Il caso posto all’attenzione del Collegio si inserisce infatti in una situazione di crisi nella quale versavano una società (di seguito, la “Società Holding“) e la sua controllata, tale da richiedere un piano di risanamento ex art. 67, comma 3, lett. d) l.f.. Una terza società (la “Società Finanziaria“), si dimostrava interessata a un complessivo piano di salvaguardia della solvibilità della Società Holding e del relativo gruppo; tale piano prevedeva, inter alia, la sottoscrizione da parte della Società Finanziaria di un aumento di capitale della Società Holding, finalizzato ad aumentare a sua volta il capitale sociale della relativa controllata. A seguito di tale aumento di capitale, la Società Finanziaria sarebbe venuta a detenere il controllo della Società Holding. Inoltre, nell’ambito di detto piano complessivo erano previste anche talune operazioni straordinarie fra società controllate dalla Società Finanziaria e dalla Società Holding.

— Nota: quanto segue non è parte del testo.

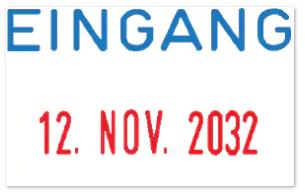 Actual product image Colop MINI-DATER - with text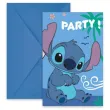 xx zk zaproszenia z kopertami stitch angel disney 6 szt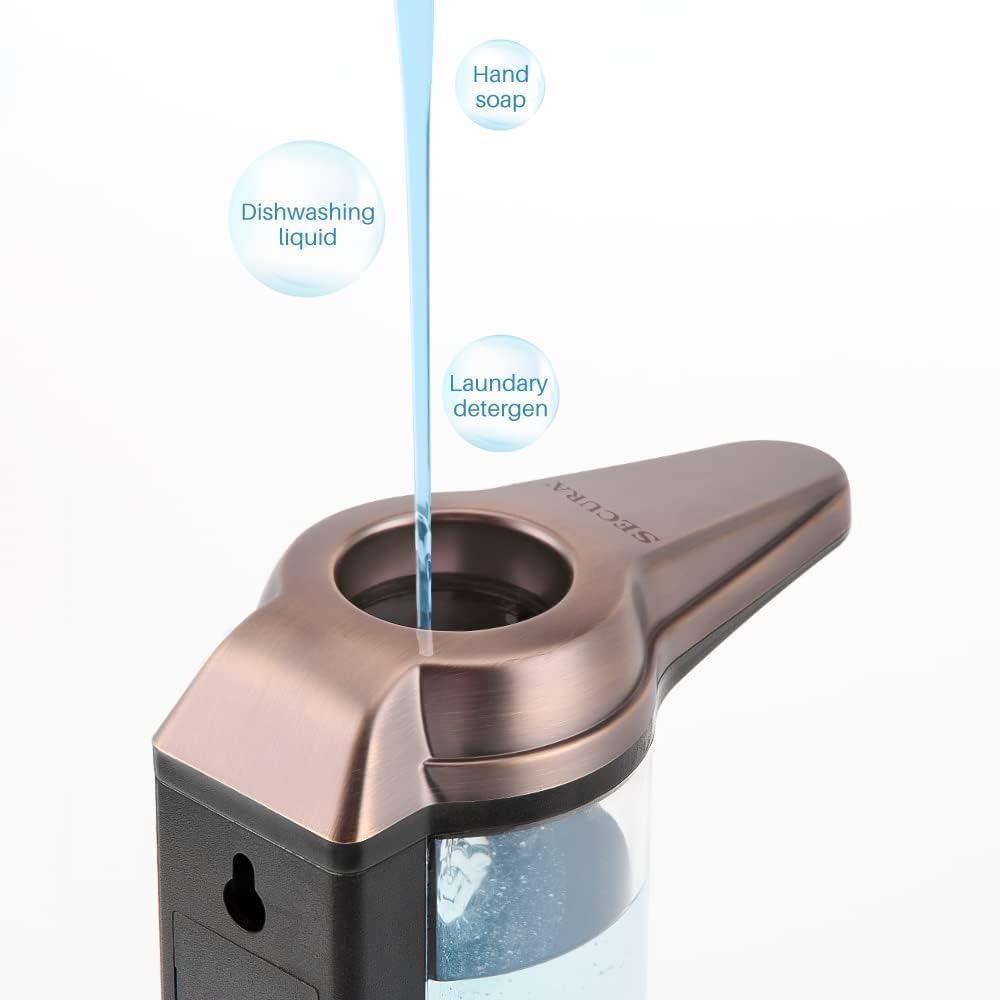 Secura 17oz Automatic Liquid Soap Dispenser, Touchless Battery Operated Hand Soap Dispenser with Adjustable Soap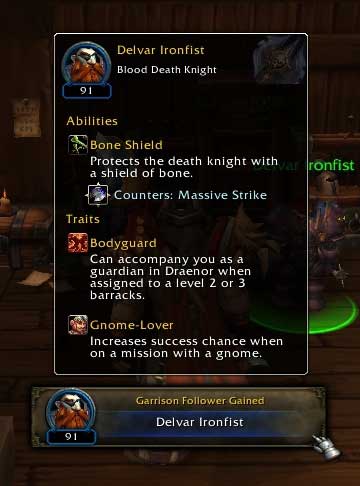 Every follower is unique - 8. The Garrison - World of Warcraft: Warlords of Draenor in 10 Easy Steps - World of Warcraft: Warlords of Draenor Game Guide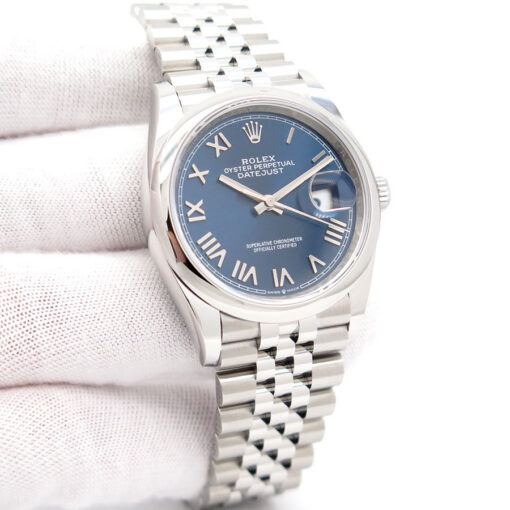 Rolex 126200 Datejust with Blue Roman Dial on Jubilee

La Società Finanziaria si impegnava quindi a sottoscrivere e liberare l’aumento di capitale, al soddisfacimento di talune condizioni sospensive. Fra le stesse vi era, rilevante in particolare per la sentenza in esame, la seguente: le dimissioni irrevocabili di almeno la maggioranza degli amministratori di nomina assembleare della Società Holding, con la rinuncia da parte degli stessi a far valere qualsiasi pretesa in relazione alle cariche ricoperte, ad eccezione del pro-rata dei compensi annuali maturati per la parte non ancora corrisposta, nonché di quelli maturandi sino alla scadenza naturale del loro mandato. Le parti davano atto che le condizioni sospensive, fra cui anche quella appena riportata, erano apposte nell’esclusivo interesse della Società Finanziaria.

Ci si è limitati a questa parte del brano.